Common signalling pathway across cancer and diabetes discovered by researchers

Researchers have found that the TRAP-alpha insulin biosynthesis pathway is essential in both cancer and diabetes, with a common primordial ancestor discovered in C. elegans.

Dr Patrick Hu, associate professor of medicine at Vanderbilt University Medical Center, US, has discovered that TRAP-alpha, a protein which modulates a signalling pathway often targeted by cancer therapies, is also required for insulin biogenesis and could lead to new therapeutic pathways for the conditions.

Hu and his colleagues showed that a protein controlling the PI3K/Akt pathway, which is targeted by more than 40 anti-cancer drugs, is essential for the synthesis, processing and secretion of insulin. The discovery was made using the Caenorhabditis elegans (C. elegans) model system nematode worm.

“We approached our work on the PI3K/Akt pathway from a cancer perspective, but this is a primordial pathway,” Hu said. “It is equally relevant to diabetes and cancer. Understanding how this pathway is regulated could lead to new strategies to treat both diseases.”

Both models showed ER unfolded protein response when TRAP-alpha was deleted”
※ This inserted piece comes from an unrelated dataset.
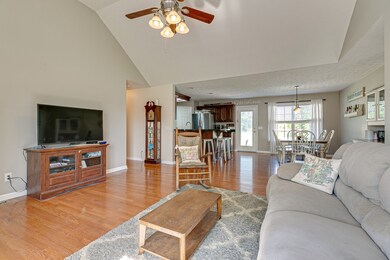 111 Kolby Ct, Shelbyville, TN 37160 - photo 4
He explained that an insulin-like growth factor signalling network is implicated in cancer, similarly to insulin signalling in diabetes. Furthermore, C. elegans has a primordial pathway that likely gave rise to both pathways in humans. In this way, Hu said, C. elegans is a useful model.

“Both networks involve PI3K/Akt in humans and we were looking for new components of this pathway,” Hu said.

The researchers used a forward genetic approach, screening C. elegans for altered components of the pathway during abnormal insulin signalling. They landed on TRAP-alpha, a highly conserved protein across worms, flies and mammalian systems, including humans.

TRAP-alpha sits on the cell endoplasmic reticulum (ER) where it helps to fold proteins that are later secreted. When the worm equivalent of TRAP-alpha is deleted, ER stress is activated, according to the researchers.

Given that some people with type 2 diabetes have common genetic variants in the TRAP-alpha gene, Hu moved the experiments to pancreatic beta cells. This deletion resulted in a 90 percent reduction in total insulin content inside the cells. Most parent molecules of insulin were degraded and those that escaped degradation accumulated inside beta cells, never progressing through the ER to be processed into insulin and secreted. Therefore, without TRAP-alpha, insulin biogenesis is drastically impaired.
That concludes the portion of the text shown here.